Jottings By An Employer's Lawyer

Friday, December 16, 2011

The 9th Circuit Does Their Part On Oracle Case, Extending California Labor Laws

One of the issues that I think has the potential to cause a lot of trouble for employers is the application of one state's labor and employment laws to employee who travel to work in another state.  In today's mobile world that is a lot of folks, especially employees located near state borders.

Basically, what happened is that Colorado based trainers who work for California based Oracle, brought a suit claiming that they should be paid in accordance with California wage and hour laws for the days they did training in California. The District Court rejected the claim. A 9th Circuit panel reversed. After a request for en banc hearing, the question was certified to the California Supreme Court. The Supreme Court basically gave the same answer the 9th Circuit had -- California law is applicable for the days the instructors worked more than a full day in California. See, Sullivan v. Oracle Corp. (Cal. S.Ct 6/30/11).

This week, the 9th Circuit completed the round trip (and engaged in a little mutual back patting), allowing as how, just like they did in their original opinion, the California Supreme Court got it right. They threw out some constitutional arguments on the part of Oracle and remanded the case for further proceedings. Sullivan v. Oracle Corp. (12/13/11).

How much training did they do? Not all that much.  One plaintiff did 150 days in Colorado, 32 in California and 52 days in other states. The next year, 150 in Colorado, 12 days in California and 20 days in other states and the third year of the period, 150 in Colorado, 30 days in California and at least 19 days in other states.   The other two plaintiffs had even less time in California.
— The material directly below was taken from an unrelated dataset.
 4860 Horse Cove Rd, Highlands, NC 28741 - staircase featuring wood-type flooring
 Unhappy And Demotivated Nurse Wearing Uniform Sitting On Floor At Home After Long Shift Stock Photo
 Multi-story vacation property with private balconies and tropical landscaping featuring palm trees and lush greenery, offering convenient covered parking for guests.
The only thing that prevents this decison from being a total disaster is the following paragraph:
The contacts creating California interests are clearly sufficient to permit the application of California’s Labor Code in this case. The employer, Oracle, has its headquarters and principal place of business in California; the decision to classify Plaintiffs as teachers and to deny them overtime pay was made in California; and the work in question was performed in California.
Which keeps alive an argument that the case is only applicable to California based employers, although I am sure that cases are already in the works to challenge that aspect of the case.

Ultimately, I think this is an issue that the Supreme Court has to take up. From my prior experience there is precious little law on how we deal with state laws on "traveling" employees. 

Talk about an impact on commerce. 

Hopefully I am wrong, but I would not be surprised if this were one of the hot new things in 2012. And after enough are filed, maybe we will start to get some answers. Hopefully better ones than this weeks ruling.


Over 20 years ago my company, Woolworth, which had POB's in all 50 states, was faced with a claim that an employee, based in Colorado, whose duties took her to 5 states, none of which was CA, had a duty to deduct CA income tax because her named appeared on a payroll in the regional office, based in Burlingame. I told them no way, and said if they wished to pursue that asinine claim, we'd defend it. They folded. Today, I'm not so sure they would. CA's broke and clutching at straws.